Я тоже несколько раз несла кресло с тремя другими женщинами. Думаю, в этот день, во время этого путешествия я удостоилась чести стать женщиной. Все другие были старше меня, но ни одна не сказала, что я еще ребенок или слишком хилая, ни одна не испугалась, как бы я вдруг не устала. Взрослые женщины не сделали мне ни одной поблажки. И вот так по пути к «Подветренному уголку» из ребенка я превратилась во взрослую, стала женщиной.
Мы постелили покрывало на песке. Афродита хотела сидеть прямо рядом с волнами. Мы поставили кресло, было прохладно и свежо, мы все дрожали. Волна обрызгала Афродиту, но ее кожа никак на это не отреагировала: ни одной мурашки не пробежало. Она была как бесхозная собственность, как багаж, который принесли погрузить на утренний корабль и так и забыли на берегу. Именно так я поняла, что Афродита умирает. Потому что она не дрожала. И даром, что попадали на нее брызги и соль морских волн. Афродита ни на что не обращала внимания и только улыбалась своей поблекшей улыбкой.
Мы расстелили подстилки, съели изюм и алычу, пожаренную с вареным суслом. Афродита совсем не хотела есть, она держала в кулаке два зернышка изюма. У нее уже месяц нет аппетита, сказала ее мать. Единственный плюс от постоянного вкуса крови во рту – она перестала чувствовать голод. Остальные поели, а Афродита все смотрела на море, сжимая два зернышка изюма. Она грелась на солнце, глядя на море и накрыв покрывалом ноги, что совсем стали похожи на детские. А после полудня внезапно крикнула: «Ура!» Один раз. И затихла.

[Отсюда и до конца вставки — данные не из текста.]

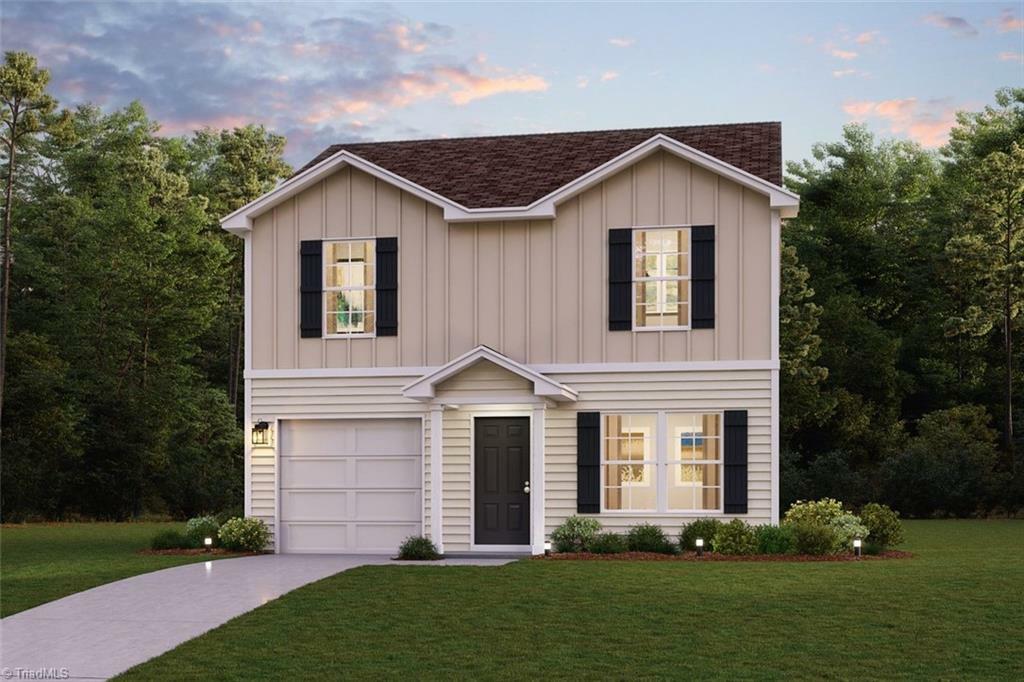 Property Photo:  285 Mitchell Street  NC 27052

По пути назад мы всё чаще менялись у кресла. Мы голодали уже много месяцев, и сил у нас было немного. Ни одна из нас даже не вспотела, потому что в теле не было ни одной лишней капельки пота.
И когда мы остановились в Иремеоне набрать съедобной травы-хорты, набежали облака, и небо у близлежащей горы стало ярко-красного цвета, а затем совсем стемнело. Фанис сидел рядом с Афродитой, он не умел отличать хорту от другой травы, что с него возьмешь, мужчина. Он все только радовался, услышал, что мы на вылазке, и твердил без умолку: это самый настоящий праздник! Он сел рядом с Афродитой и спросил о том, что не давало ему покоя: Афродита, почему ты сказала, что подхватила болезнь? Афродита, что такое болезнь? Он всегда был очень добрым и наивным. И тогда, кажется, Афродита смирилась с тем, что умирает, и ответила: болезнь, дорогой мой Фанис, – это маленькая осиротевшая и кровожадная девочка, которой всегда холодно. И как только она находит сговорчивого человека, пока он беззащитно спит, – вьет у него в груди гнездо, чтобы там согреться. Потом высасывает из человека все силы и больше уже не уходит.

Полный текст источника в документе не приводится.